Assignment: What's needed is a word-for-word retyping of the entries below, pictures omitted.

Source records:
────────

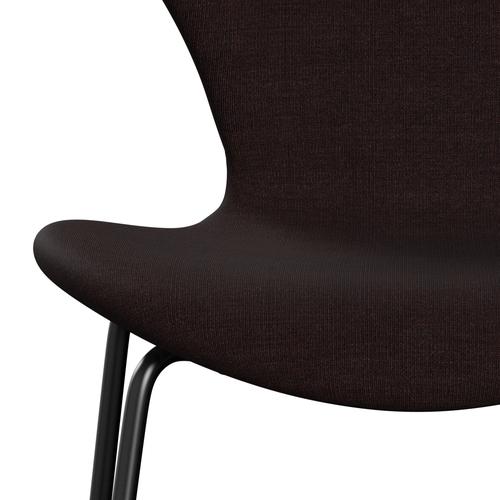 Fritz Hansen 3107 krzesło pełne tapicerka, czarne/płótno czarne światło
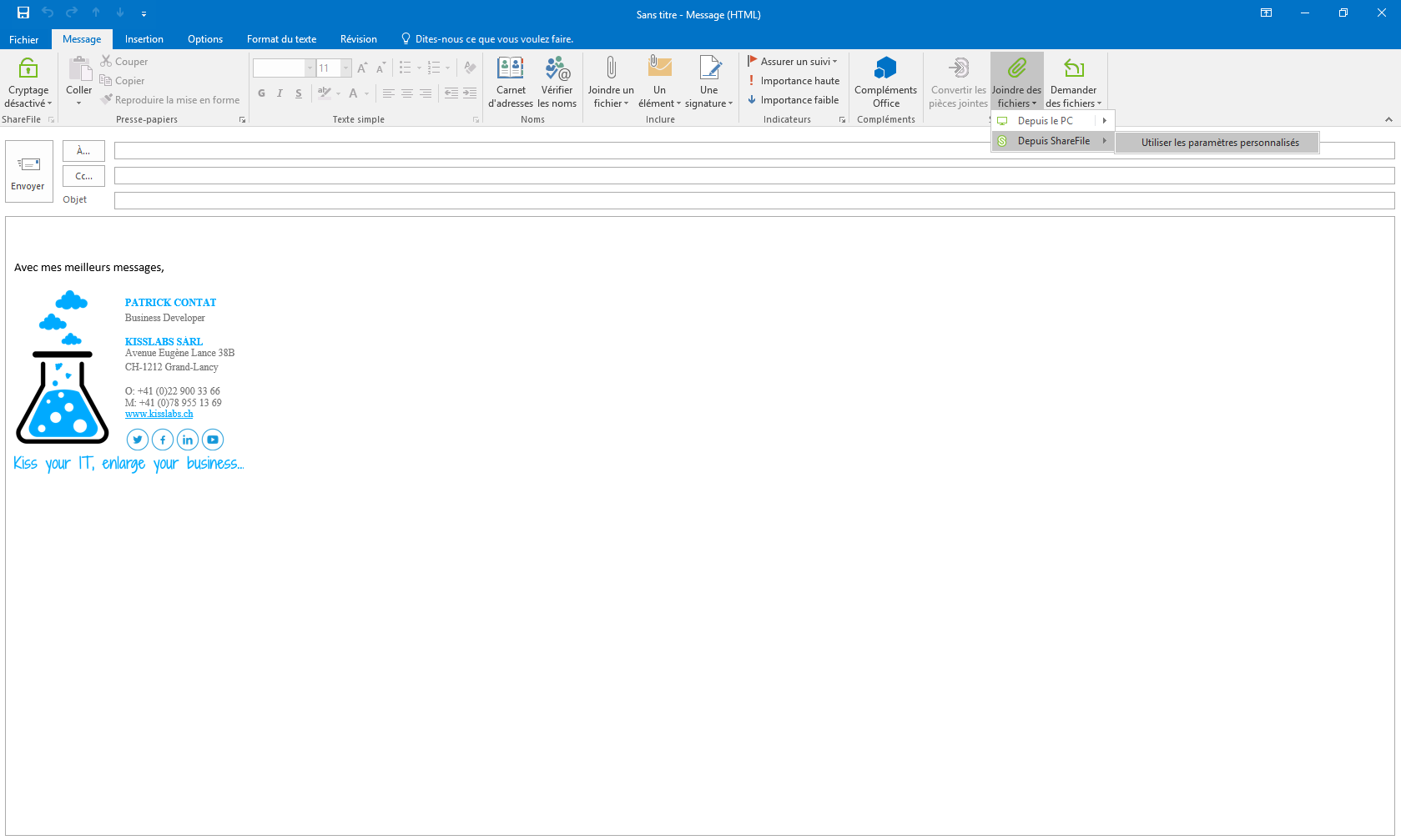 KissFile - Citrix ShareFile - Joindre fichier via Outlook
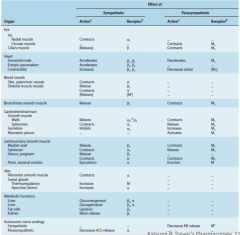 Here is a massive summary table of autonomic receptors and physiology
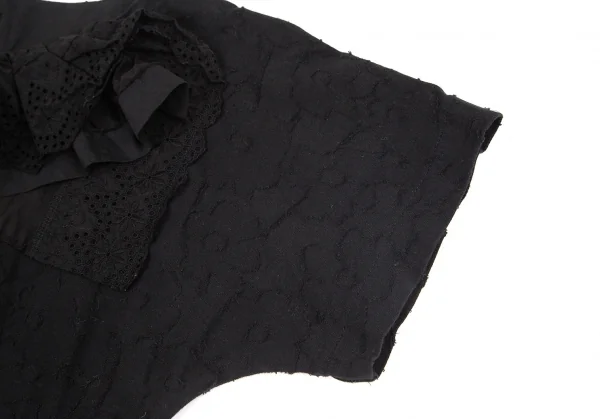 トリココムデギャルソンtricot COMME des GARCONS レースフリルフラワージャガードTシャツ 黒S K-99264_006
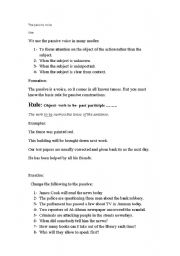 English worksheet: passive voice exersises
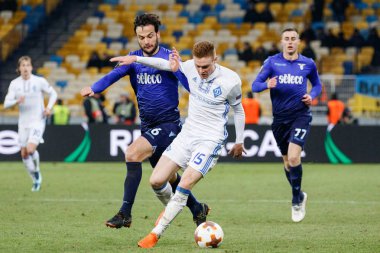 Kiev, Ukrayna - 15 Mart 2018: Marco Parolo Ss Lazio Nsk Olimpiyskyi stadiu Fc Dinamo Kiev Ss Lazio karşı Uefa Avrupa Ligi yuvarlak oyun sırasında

────────

Response:
 Fritz Hansen 3107 krzesło pełne tapicerka, czarne/płótno czarne światło
 KissFile - Citrix ShareFile - Joindre fichier via Outlook
 Here is a massive summary table of autonomic receptors and physiology
 トリココムデギャルソンtricot COMME des GARCONS レースフリルフラワージャガードTシャツ 黒S K-99264_006
 English worksheet: passive voice exersises
 Kiev, Ukrayna - 15 Mart 2018: Marco Parolo Ss Lazio Nsk Olimpiyskyi stadiu Fc Dinamo Kiev Ss Lazio karşı Uefa Avrupa Ligi yuvarlak oyun sırasında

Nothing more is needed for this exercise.